We all have people in our lives–past and present–who we considered “leaders.” And if you’re like me, you have likely spent years striving to be like those people you have admired. But what IS leadership? And how do we know it when we see it? Better yet, what is GOOD leadership, and how can we demonstrate it?
The best definition of leadership I have found was written by Kevin Kruse, in a 2013 article published in Forbes Magazine. According to Kruse, “Leadership is a process of social influence, which maximizes the efforts of others, toward the achievement of a goal.”
In that quote, the words “social,” “efforts” and “goal” jump off the page for me. It tells me that leadership is about people…their work….and goals. I can answer my own question about what GOOD leadership is by contrasting those three key elements with what isn’t good leadership. Good leadership is NOT about the leader. It’s also not an isolated effort by one person, but the work of others. And it is also not about managing the status quo, but about setting a target for change or improvement.

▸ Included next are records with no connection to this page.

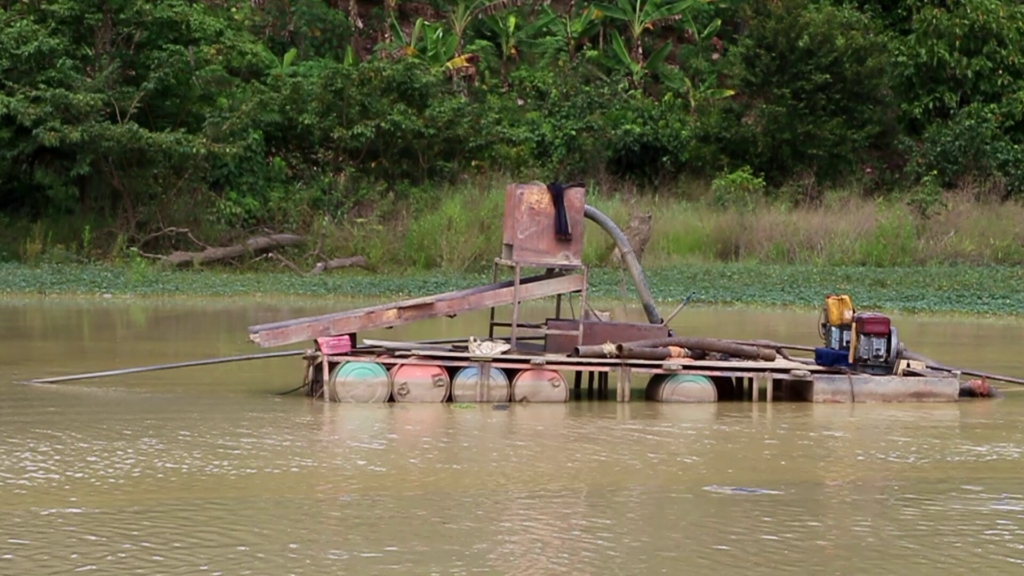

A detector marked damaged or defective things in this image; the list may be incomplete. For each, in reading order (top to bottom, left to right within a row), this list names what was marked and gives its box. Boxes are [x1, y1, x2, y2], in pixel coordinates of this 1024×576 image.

rusty metal panel [501, 181, 585, 264]
rusty metal panel [246, 272, 585, 348]
rusty metal panel [544, 317, 671, 354]
rusty metal panel [806, 368, 958, 401]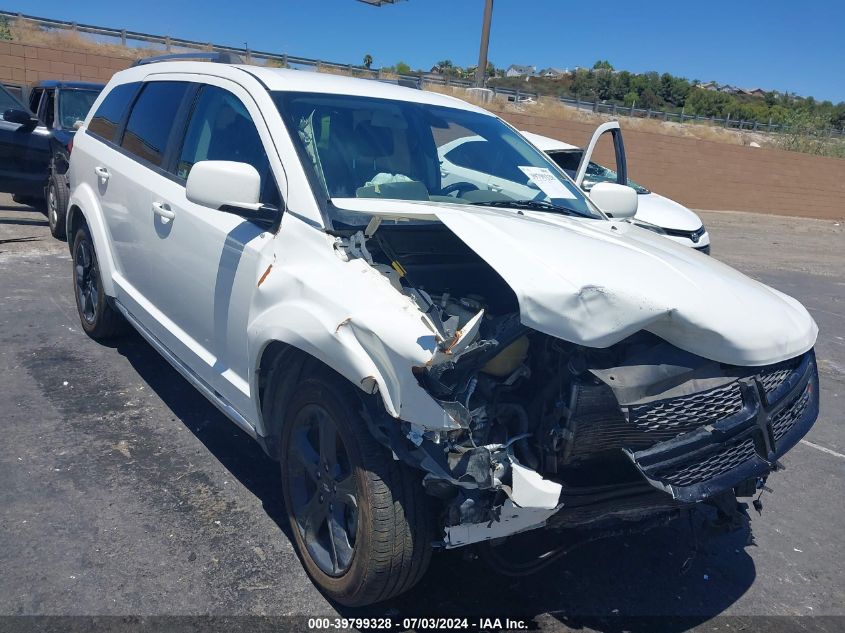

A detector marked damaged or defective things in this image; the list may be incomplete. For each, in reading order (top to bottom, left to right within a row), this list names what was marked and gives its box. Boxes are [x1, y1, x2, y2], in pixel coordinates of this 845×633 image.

crumpled hood [332, 198, 816, 366]
damaged front end [334, 217, 816, 548]
detached bumper cover [624, 348, 816, 502]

Despite the countless works on the subject of leadership, which often promote a set of criteria or qualities, it isn’t really that complicated. The more I read and the more I listen to others, I think leadership doesn’t have to be a complex set of strategies or actions. Instead, it’s just figuring out how to tap into others’ intrinsic motivation.
Of course motivating others requires that relationships and trust be established and that a compelling vision exists. Where bad leaders get it wrong is that they dismiss the power of other’s intrinsic drive and either do everything themselves or force others to do it–whatever “it” is–their way. So really, GOOD leadership starts with letting go of the reigns and giving others the opportunity to own the goal as well.